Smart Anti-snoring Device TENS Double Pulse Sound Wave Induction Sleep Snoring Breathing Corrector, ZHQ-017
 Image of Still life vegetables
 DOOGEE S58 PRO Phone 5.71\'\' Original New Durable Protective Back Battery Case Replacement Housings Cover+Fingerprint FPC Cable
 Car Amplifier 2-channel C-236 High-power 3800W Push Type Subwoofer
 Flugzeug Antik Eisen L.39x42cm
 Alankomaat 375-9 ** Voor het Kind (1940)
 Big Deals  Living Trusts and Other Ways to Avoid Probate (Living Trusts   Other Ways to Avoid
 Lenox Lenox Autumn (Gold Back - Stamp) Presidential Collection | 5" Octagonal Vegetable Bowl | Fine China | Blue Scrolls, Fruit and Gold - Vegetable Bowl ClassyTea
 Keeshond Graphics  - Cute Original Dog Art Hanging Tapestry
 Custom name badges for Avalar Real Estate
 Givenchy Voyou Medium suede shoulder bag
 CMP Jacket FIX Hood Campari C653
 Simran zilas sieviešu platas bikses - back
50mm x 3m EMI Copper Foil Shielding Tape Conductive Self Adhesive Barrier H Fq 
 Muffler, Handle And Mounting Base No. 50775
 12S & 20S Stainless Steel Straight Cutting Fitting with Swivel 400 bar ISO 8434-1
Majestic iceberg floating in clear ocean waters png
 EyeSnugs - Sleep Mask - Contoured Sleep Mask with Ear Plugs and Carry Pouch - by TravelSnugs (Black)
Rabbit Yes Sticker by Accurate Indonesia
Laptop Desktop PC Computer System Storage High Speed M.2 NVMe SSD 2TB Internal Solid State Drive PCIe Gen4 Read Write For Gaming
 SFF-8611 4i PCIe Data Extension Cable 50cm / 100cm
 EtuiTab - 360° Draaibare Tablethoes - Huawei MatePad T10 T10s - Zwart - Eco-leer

* [Task to complete]:
Of the lines in the listing, some hold the word "PCIe". Report how many, and only that.

* [Written reply]:
2